FRANKFURT (Reuters) – The European Union should set binding targets for one million public charging points for electric vehicles by 2024, and three million by 2029, to give consumers the confidence to switch to the new technology, the region’s car lobby said on Thursday.
In a joint letter with consumer and sustainable transport groups, the European Automobile Manufacturers’ Association (ACEA) told Brussels that firm targets would also help carmakers and power grid operators plan ahead.
“The EU Commission quickly needs to take action and set binding targets for the ramp-up of charging infrastructure in the member states,” said ACEA president Oliver Zipse, who is also chief executive of German carmaker BMW.
“Otherwise, even the current reduction targets in fighting climate change are at risk,” he said.
Electric vehicle (EV) sales have recently gained momentum as those of combustion engine cars fell during lockdowns in the coronavirus crisis.

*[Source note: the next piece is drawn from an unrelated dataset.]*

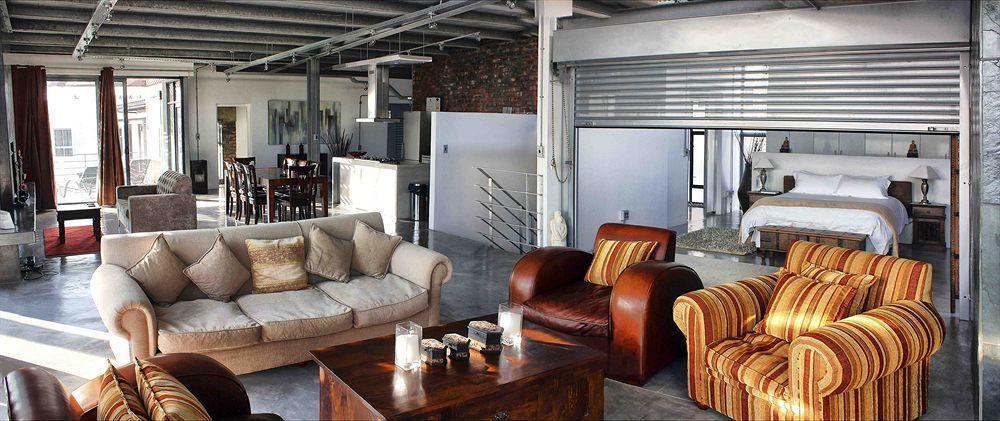 Hotel Sunset-Loft Kapsztad Zewnętrze zdjęcie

Carmakers are launching new EV models to meet tougher EU emissions rules and several governments have introduced EV subsidies as part of pandemic recovery programmes.
However, the rollout of public charging stations, to complement workplace and home charging, has been slow and there are multiple tariffs and payment methods.
Industry figures show the EU had 224,538 public charging points in 2020.
The letter, also signed by consumer lobby BEUC and the Transport & Environment (T&E) caucus, urged the Commission to create common standards.
It should also set a target for around 1,000 hydrogen stations by 2029, the letter said.
The German government on Wednesday agreed a draft law to aim for 1,000 fast charging stations alongside motorways by the end of 2023. It expects to spend 2 billion euros ($2.4 billion).